- AIM OF THE TASK: Extract from the listing each line in which the word "Black" appears.

- RECORDS FOR THIS EXERCISE:
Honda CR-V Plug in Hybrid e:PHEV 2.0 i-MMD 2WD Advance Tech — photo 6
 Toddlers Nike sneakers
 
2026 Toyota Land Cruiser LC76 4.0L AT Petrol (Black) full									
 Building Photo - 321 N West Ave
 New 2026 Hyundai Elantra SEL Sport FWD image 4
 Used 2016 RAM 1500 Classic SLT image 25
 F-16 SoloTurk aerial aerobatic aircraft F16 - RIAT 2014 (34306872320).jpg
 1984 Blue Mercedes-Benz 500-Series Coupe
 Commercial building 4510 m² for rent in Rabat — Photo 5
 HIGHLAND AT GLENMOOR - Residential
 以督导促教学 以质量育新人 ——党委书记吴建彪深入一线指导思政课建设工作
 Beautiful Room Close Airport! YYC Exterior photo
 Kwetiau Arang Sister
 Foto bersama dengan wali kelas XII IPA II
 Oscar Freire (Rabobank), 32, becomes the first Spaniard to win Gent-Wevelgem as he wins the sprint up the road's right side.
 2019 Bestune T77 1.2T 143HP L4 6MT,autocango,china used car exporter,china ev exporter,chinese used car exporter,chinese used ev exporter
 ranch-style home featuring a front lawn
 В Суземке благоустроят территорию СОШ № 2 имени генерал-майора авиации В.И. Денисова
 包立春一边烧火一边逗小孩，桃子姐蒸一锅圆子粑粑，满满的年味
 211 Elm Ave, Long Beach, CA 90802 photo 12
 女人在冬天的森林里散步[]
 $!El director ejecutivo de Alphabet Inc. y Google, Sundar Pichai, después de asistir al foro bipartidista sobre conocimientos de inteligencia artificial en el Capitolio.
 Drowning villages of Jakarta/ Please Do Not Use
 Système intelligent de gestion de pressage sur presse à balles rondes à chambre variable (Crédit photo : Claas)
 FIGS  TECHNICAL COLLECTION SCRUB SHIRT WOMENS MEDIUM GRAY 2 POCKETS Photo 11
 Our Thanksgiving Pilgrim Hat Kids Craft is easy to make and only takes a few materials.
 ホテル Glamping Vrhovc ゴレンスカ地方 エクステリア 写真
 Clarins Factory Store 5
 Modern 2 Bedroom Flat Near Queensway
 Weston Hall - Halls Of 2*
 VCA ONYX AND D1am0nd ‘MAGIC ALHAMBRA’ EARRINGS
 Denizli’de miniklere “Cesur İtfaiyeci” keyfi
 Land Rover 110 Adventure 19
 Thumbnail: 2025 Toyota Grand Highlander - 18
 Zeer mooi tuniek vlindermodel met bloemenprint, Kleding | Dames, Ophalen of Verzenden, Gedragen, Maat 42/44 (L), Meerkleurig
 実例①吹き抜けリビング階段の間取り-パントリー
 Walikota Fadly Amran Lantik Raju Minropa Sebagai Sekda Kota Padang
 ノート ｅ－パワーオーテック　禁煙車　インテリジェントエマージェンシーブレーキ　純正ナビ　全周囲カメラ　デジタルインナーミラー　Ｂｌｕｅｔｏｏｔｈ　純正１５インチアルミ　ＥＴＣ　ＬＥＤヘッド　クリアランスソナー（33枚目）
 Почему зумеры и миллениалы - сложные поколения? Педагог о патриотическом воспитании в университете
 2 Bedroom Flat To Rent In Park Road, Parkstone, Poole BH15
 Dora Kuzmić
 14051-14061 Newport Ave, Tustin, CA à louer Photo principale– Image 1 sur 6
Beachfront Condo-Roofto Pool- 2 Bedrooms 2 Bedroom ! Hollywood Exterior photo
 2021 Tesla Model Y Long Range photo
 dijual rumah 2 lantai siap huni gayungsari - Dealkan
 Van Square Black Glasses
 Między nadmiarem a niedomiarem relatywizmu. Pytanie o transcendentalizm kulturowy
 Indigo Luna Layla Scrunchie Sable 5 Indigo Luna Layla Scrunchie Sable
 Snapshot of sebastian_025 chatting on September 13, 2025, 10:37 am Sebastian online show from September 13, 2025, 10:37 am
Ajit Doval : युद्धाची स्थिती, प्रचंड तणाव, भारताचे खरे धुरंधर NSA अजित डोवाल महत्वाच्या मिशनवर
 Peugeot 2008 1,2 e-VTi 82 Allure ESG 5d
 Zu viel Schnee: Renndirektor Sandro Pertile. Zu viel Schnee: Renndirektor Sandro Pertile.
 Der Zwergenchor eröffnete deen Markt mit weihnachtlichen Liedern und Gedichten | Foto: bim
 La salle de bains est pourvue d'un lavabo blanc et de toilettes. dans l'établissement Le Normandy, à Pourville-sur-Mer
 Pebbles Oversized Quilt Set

- TASK OUTPUT:
2026 Toyota Land Cruiser LC76 4.0L AT Petrol (Black) full									
 Van Square Black Glasses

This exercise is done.